Once one jammer breaks ahead of the pack, a ref declares them the lead jammer with two short shrill whistles, at which point they gain the power to stop play by tapping their hands to their hips. Points are scored when a lead jammer laps the other team’s players, skating fast circles around the track as the pack moves.

Vermont Roller Derby coach Julia Wilks, shown blocking above, says a player’s first bout can be intense. “Being in a jam is like being in a car crash. You’re getting hit from all different angles, tossed around sometimes, and then you get off the track and you have what we call ‘jamnesia,’ meaning you have no idea what just happened.” Photo courtesy Vermont Roller Derby

At every level of play, flat track roller derby is raucous. There are the screams of toe stops on wood, bodies hurling, hips being thrown and powerful bodies of all shapes and sizes tucking low as they fly, wheels a colorful blur, around a track. It is fierce and unapologetic, a full-contact sport that’s like a fusion of basketball, football and rugby on roller skates—with no ball and a lot of attitude.

Unlike running or even basketball, derby is a sport that rewards many different body types. It’s hard to typecast across positions. Some jammers are tiny and lithe, while some are powerful and tall. Blockers go the same way. 

Off skates, skaters at GMRD, Twin State and Montpelier-based Vermont Roller Derby are doctors, bartenders, grief counselors, librarians and full-time parents. Some use they/them pronouns rather than she/her, and many skaters identify as LGBTQIA.

“This is not just a women’s sport,” says Woodward. “It’s a sport for anyone who identifies as a woman or gender non-binary.”

In Vermont and elsewhere, the best skaters leap, hop and skate backwards at full speed—and can keep their momentum doing so while taking a hard hit. Watching a roller derby bout can feel like watching full-contact ballet, where bruises and the occasional broken nose are worn as hard-earned battle scars.

“Whatever you’re dealing with off the track, there’s just nothing like hitting your best friend as hard as you can and having her be psyched about it to make you feel better,” says Isley.

Inspiring the Next Generation

“Roller derby gave me the feeling that I am a strong individual,” says GMRD vice president DiFonzo, (TrasHer), 37. The busy mom to three and daycare owner skates daily on the Burlington bike path and trains for derby by doing Cross-Fit several times a week. “It’s the contact that gets me to practice. I want to feel strong and feel other people being strong with me.”  

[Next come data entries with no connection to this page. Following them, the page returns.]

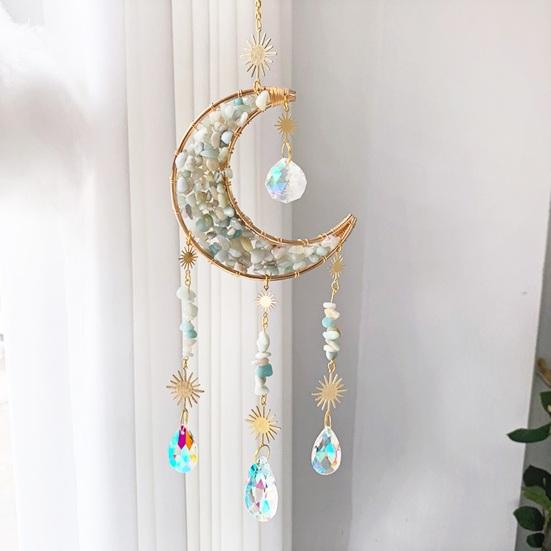 Colorful Crystal Suncatcher, Hanging Sun Catcher for Windows, Moon Shape Healing Crystal Decor for Home, Crystals Prism Rainbow Maker, Gift for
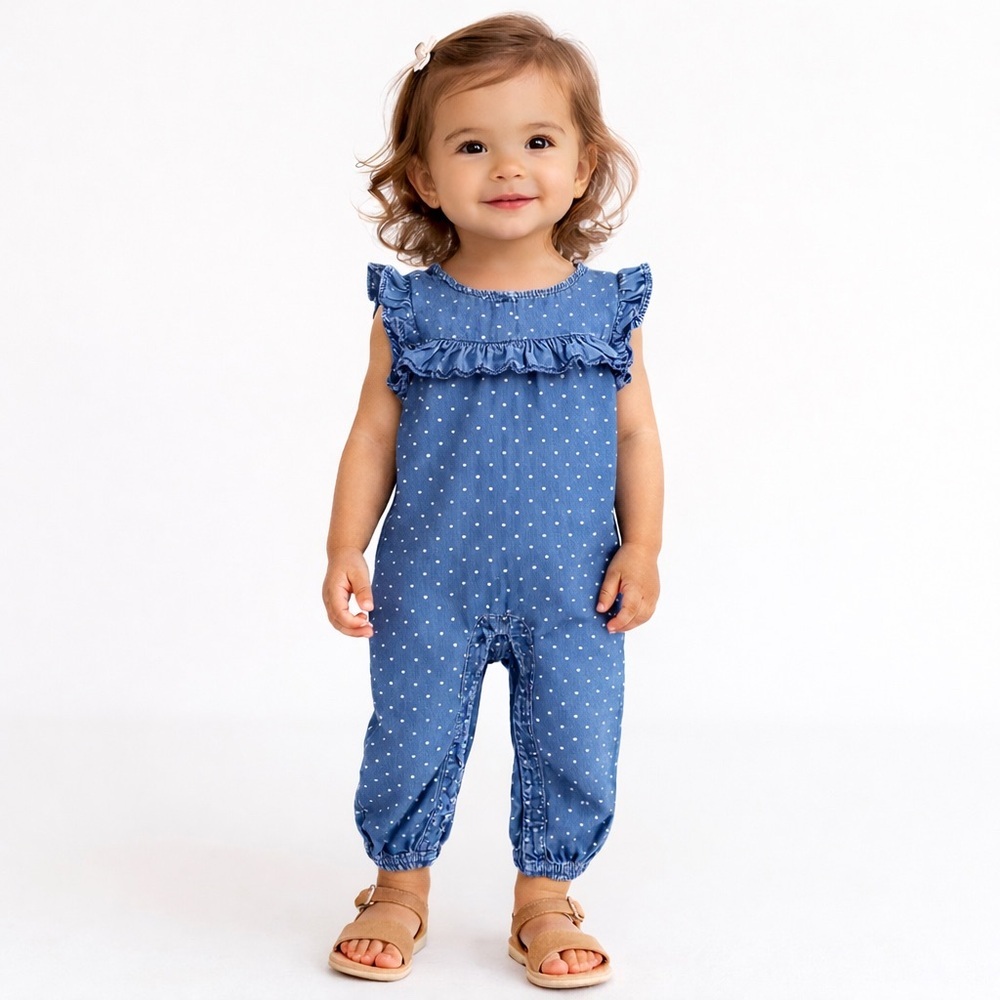 Gap Baby Denim Dot Ruffle Romper 18–24M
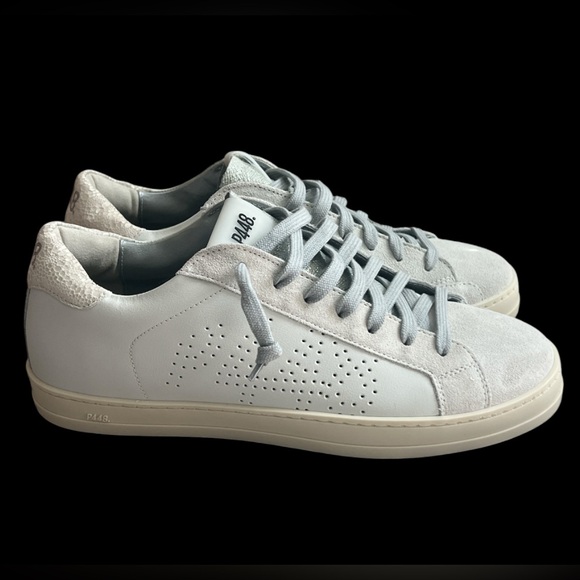 P448 John Women’s Low Top White Sneaker EU 41 US 6 Silver Metallic Cork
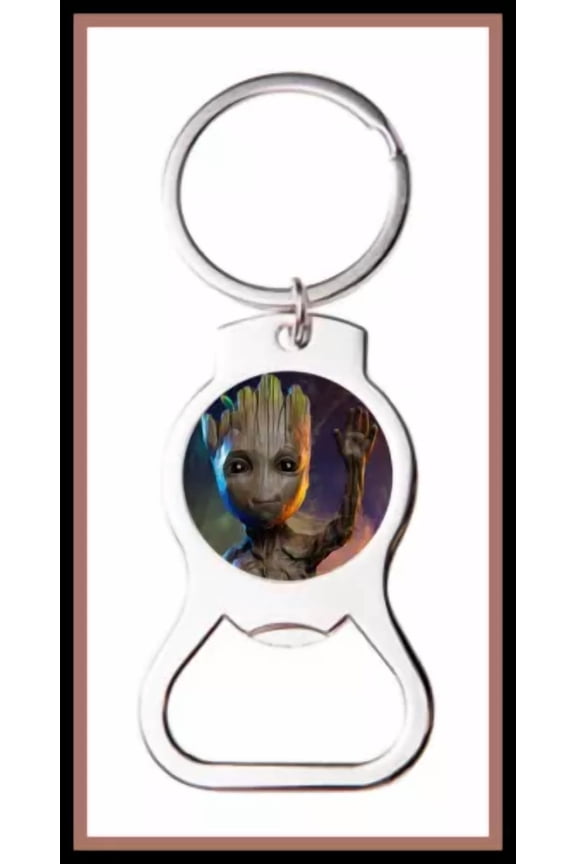 Baby Groot Waving Custom Bottle Opener Keychain Key Ring - Stocking Stuffer Gift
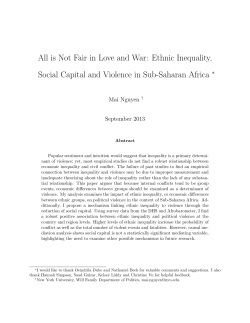 Ethnic Inequality, Social Capital and Violence in Sub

Contact between skaters is a near constant in derby, whether it’s teammates bracing against each other at the start of a jam, small hip checks or big, powerful moves like the C-block, where a skater skates hard, parallel to their target, and suddenly curves their skates toward them to hit them squarely in the chest with their shoulder. 

“When you take a hit that surprises you, especially for women skaters, I think it’s natural to get mad at first,” said DiFonzo. “Now when I take a good hit, I want to buy that player a beer at the bar after the bout and be like, ‘That was a great hit!’ Where else do we as women and nonbinary athletes get to do that?”

For DiFonzo, camp is also part of the fun. “Part of the appeal from the beginning for me was the alter ego, that you could have this split between real life and derby,” says DiFonzo, who often paints her face before bouts and skates in fishnets. “But when I do, I’m showing my strength. Being sexy doesn’t have to be in conflict with that.”

Carrie Speranza has been coaching the Minor Catastrophes, Green Mountain Roller Derby’s junior team, for the last six years. Open to girls 6 through 17, the team often has between 15 and 25 skaters in the program at a time. 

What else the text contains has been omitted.